I don’t particularly believe in luck. I believe in being prepared for any circumstance and trusting your gut along the way. But when you’re dealing with as many miles, border crossings, languages, and currencies as I am now, it’s inevitable that things will not go as planned and you won’t know what to do. That is where you meet the Ding’s of the world. Ding is a businessman we met on our drive from Urumqi to Beitun, China. See, after 5 days of chilling in Almaty, Kazakhstan we decided to avoid the Siberian winter and head east into China instead. But I knew getting to the Mongolian border was going to be tricky as there is no easy public transport. So we found a minibus heading north to Beitun and that is where we met Ding. Spending nearly four days in China we met only one person who could speak English and that was at our hostel in Urumqi. So we always had to make do with hand gestures and the priceless mobile app called Google Translate. Ding is the only local anywhere we’ve met that had a translate app as well so not only could we talk to him, he could talk to us. He went out of his way to get us a hotel room and arranged a bus for us the next day and called a friend to make sure we got across the border ok. All while expecting nothing from us, just to be able to tell his family that he helped two Americans while on a trip. It’s these people that we have met along the way and that I have met during all my travels, they renew your faith in humanity. They see a lost stranger and without a second thought decide to help them on their way by not just pointing in the right direction but by making sure we get to the destination we want without issue. Thrilled just to see foreigners in their land they ask for nothing in return. It’s these people that make the countries enjoyable. We have always been running into people like Ding throughout this trip and they will always be there to help the next traveler along. It certainly influences you to do the same whenever you see a traveler in need.

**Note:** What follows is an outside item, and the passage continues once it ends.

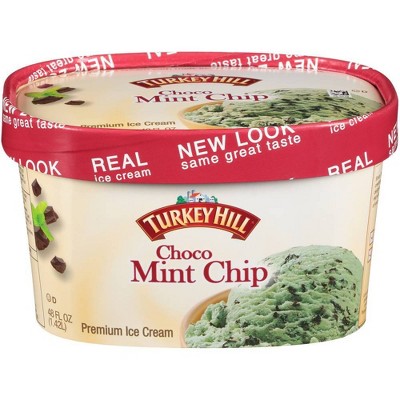 Turkey Hill Choco Chip Mint Ice Cream - 48oz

So after more long drives, we made it into Mongolia. To give you an idea as to why Mongolia is such a fascinating country to me here are some statistics. Mongolia is the 18th Largest country in the world with a population less than the city of Los Angeles. With a large amount of them still nomadic, and most make their living with livestock breeding, the sheep and goat population outnumber people 5 to 1. That’s something you won’t find anywhere else in the world. So as we made our way across the massive Mongolian steppe. In what will go down as our harshest and scariest drives of the trip. Crammed in a minibus that the driver could barely keep running drove 14 hours all off road in the middle of the night with temperatures dropping below 0. We made it to Altai by 6 am, got 3 hours of sleep before hopping on a bus and spending 22 hours that was by Mongolian standards luxury transport. You may be wondering why all this time driving and not seeing anything. Well, to put it simply, there is nothing to see.  1,300 miles of steppe, just barren land covered with a foot of snow. It was certainly picturesque but not something you need to walk around in when it’s below freezing. We would stop every 6 hours or so and eat a traditional meal in some family’s Ger, then move on. By 10 am Thanksgiving day we made it to Ulaanbaatar!  Exhausted and feeling filthy, we found a hostel and decided we needed to have some resemblance of a Thanksgiving feast. So we found a KFC and bought every type of side they had and lots of chicken (can’t believe they didn’t have any turkey). Then found a bakery and got some apple pie. Now I’m relaxing in a warm bed, with a full stomach. Wishing I was with my family having a proper feast that for them won’t be until tomorrow as I’m 16 hours ahead. But I am beyond thrilled that I have finally made it to my destination of Ulaanbaatar.